Nail the DevOps part as your company's CTO
The goal of this handbook is to give you clarity on DevOps:
- Understand what’s DevOps (in simple words)
- Know what’s possible with DevOps (in simple goals)
- Get simple “when-to-do-what” DevOps guidelines
I added a bonus at the bottom of the article.
It's a production-ready setup example you could take inspiration from.
Who this article is for
You might be a founder who wishes to get started with DevOps the right way.
You might be a CTO of a 1,000 employees company who wishes to get simple principles.

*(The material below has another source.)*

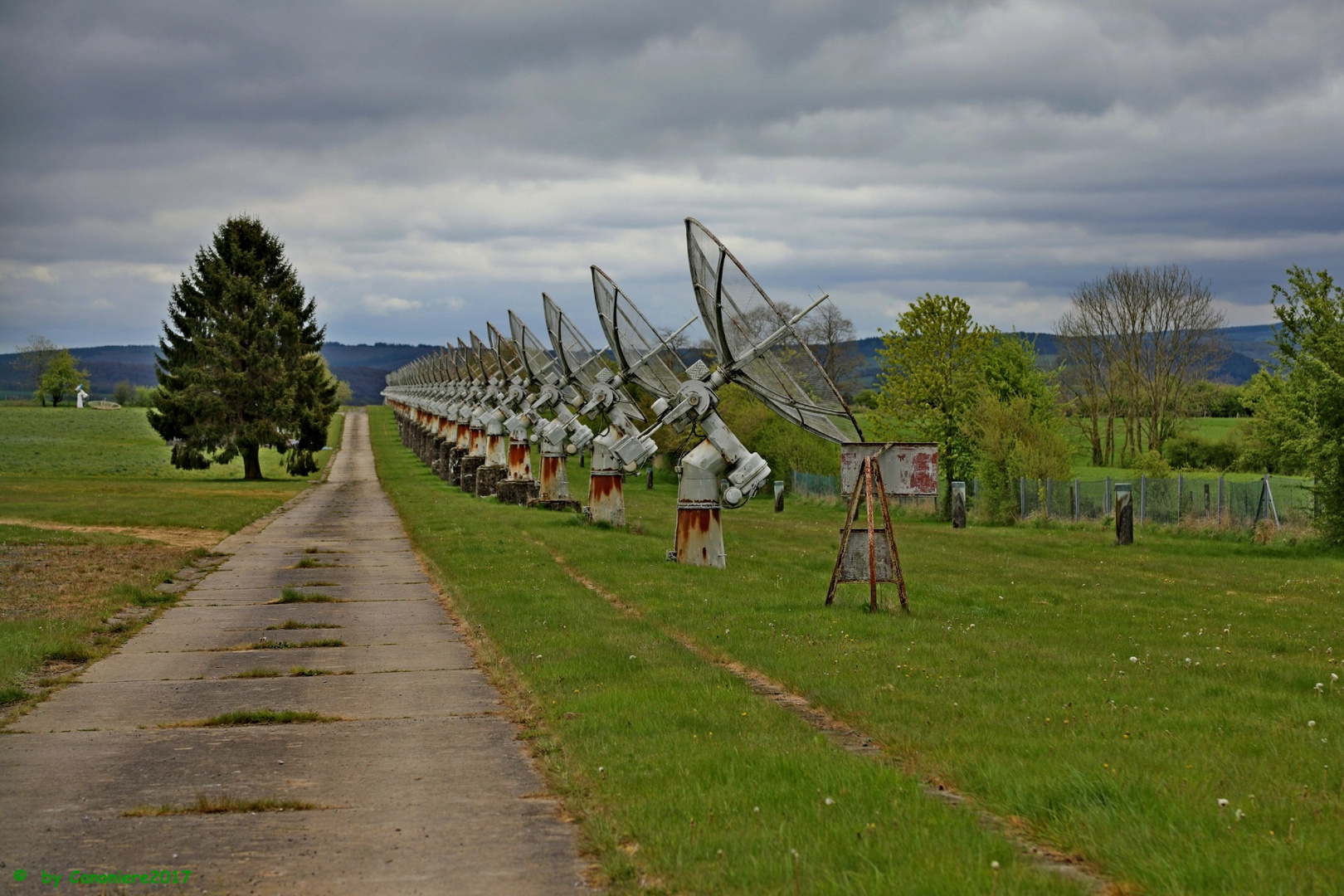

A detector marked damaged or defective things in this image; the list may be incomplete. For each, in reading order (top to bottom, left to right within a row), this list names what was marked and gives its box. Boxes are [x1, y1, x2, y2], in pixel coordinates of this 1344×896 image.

rust stain on metal [519, 532, 1118, 896]
rusty metal a-frame stand [822, 459, 908, 612]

Or, maybe you’re a Software Engineer, and you want to understand if your company’s DevOps approach is good.
If you’re looking for a simple DevOps playbook, this is it.
Understand the desired result
Two things your company needs to be able to do
- Serve its product to customers
- Build and improve the product
Abilities you need to build, improve, and serve software
- Run experiments and test changes
DevOps has a simple meaning
Developers and Operators have shared responsibility for building and improving the system.
In practice:
- Developers are responsible to “Operate”
- DevOps Engineers are responsible to enable to “Operate” AND do some of it themselves
Operate = provision, monitor, secure, configure, deploy, scale.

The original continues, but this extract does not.